Quant aux pays qui refusent d’établir leurs prix en fonction de l’or, les USA pourraient définir une barrière douanière à l’entrée, à la fois juste et uniforme, pour ces importations, jusqu’au moment où le partenaire en question acceptera de souscrire au standard or.
À l’inverse, si les USA attendent encore avant de revenir vers l’or, ce pourrait bien être la Chine qui finirait par prendre le pas, et leur indiquer qu’elle n’acceptera plus que les paiements en or pour ses exportations. Si l’on arrivait à une telle occurrence sans s’y préparer, les USA se retrouveraient dans une situation de désavantage important, d’une échelle toute autre que le niveau de désavantage que Trump dénonce à ce jour. Donc, si la Chine sentait que les USA utilisent la devise dollar de manière trop menaçante sans se diriger vers le retour au standard or rendu possible par la résurrection de leur statut d’exportateur pétrolier, la Chine pourrait se retrouver en position de devoir forcer les USA à revenir à ce standard or, un beau jour de la deuxième moitié du XXIème siècle. Si la Chine commençait à établir ses prix à l’exportation selon un standard or, les USA n’auraient plus le choix à long terme. Sous un tel scénario, les pays qui poursuivent une stratégie d’accumulation d’or, de la Russie à la Turquie, s’accorderaient sans doute avec la Chine, dans un mouvement visant à repousser l’arme qu’est le dollar.
Mais si au contraire les USA étaient les premiers à revenir au standard or, la Chine et les USA en viendraient nécessairement à travailler de pair pour revenir vers le standard or. Le renminbi chinois voyant encore sa valeur liée au dollar selon une parité ajustable, si le dollar revenait à un standard or, il est presque certain que la Chine suivrait le mouvement.
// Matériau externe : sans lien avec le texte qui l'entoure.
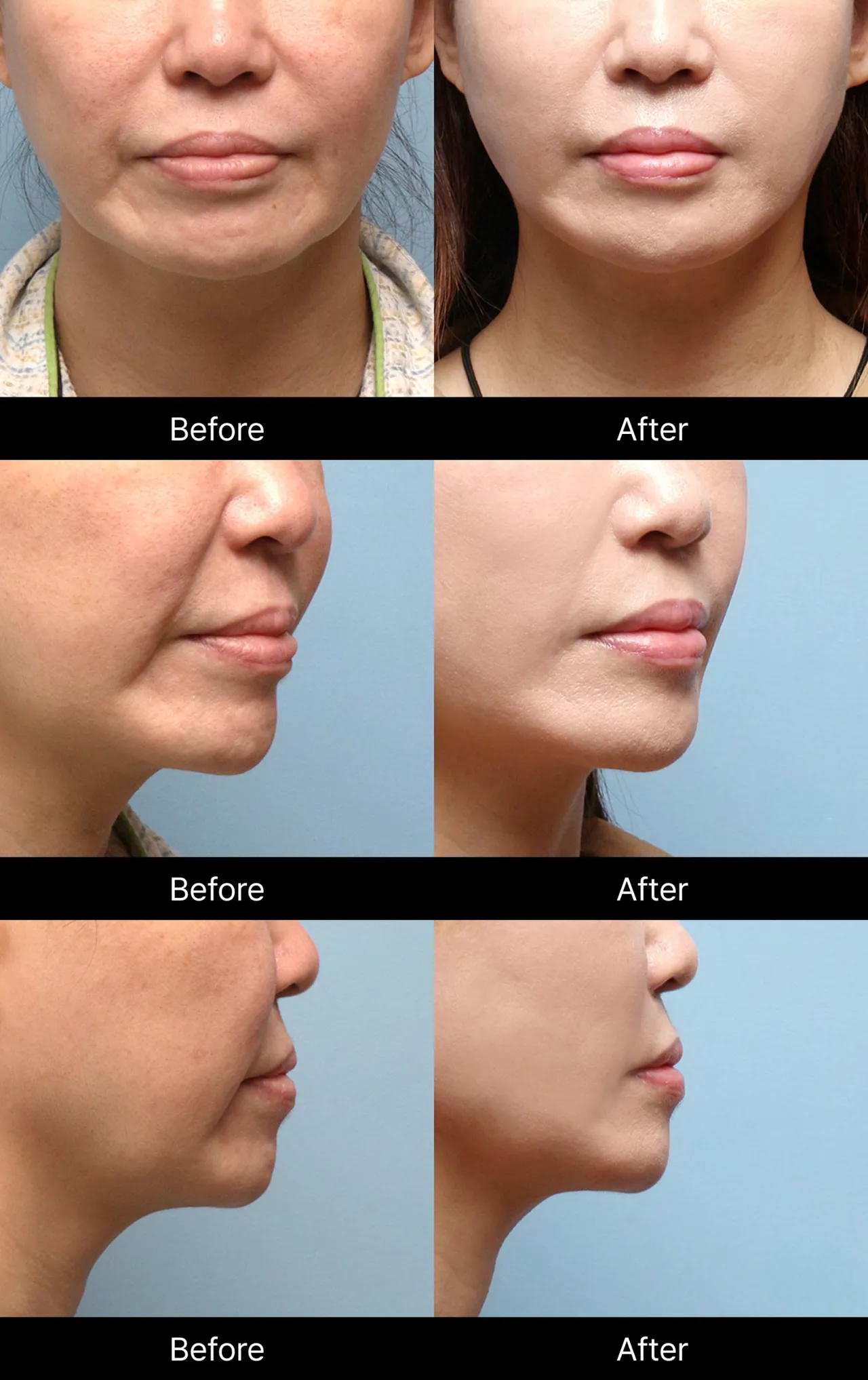 Facelift before-and-after image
La meilleure solution, pour la Chine et les USA, de sortir de leurs différends commerciaux en cours, serait donc de se mettre d’accord sur une transition à moyen terme vers un régime d’échange commercial prenant le standard or comme base. Une fois le système monétaire réparé une bonne fois pour toutes, un commerce ouvert et surtout juste pourrait exister entre les parties, sans que l’une ou l’autre ne puisse réellement se plaindre, sauf à s’opposer aux principes-mêmes du marché libre.
Note du Saker francophone et comme d'habitude, la force réelle de l'euro, supposé peser dans le système monétaire mondial, est tout à fait bien illustrée par l'absence de la moindre mention dans tout sujet qui compte. Mais on peut aussi douter des assertions de l'auteur sur les décennies de pétrole des USA sachant que ce pétrole de schiste pose beaucoup de problèmes et de questions.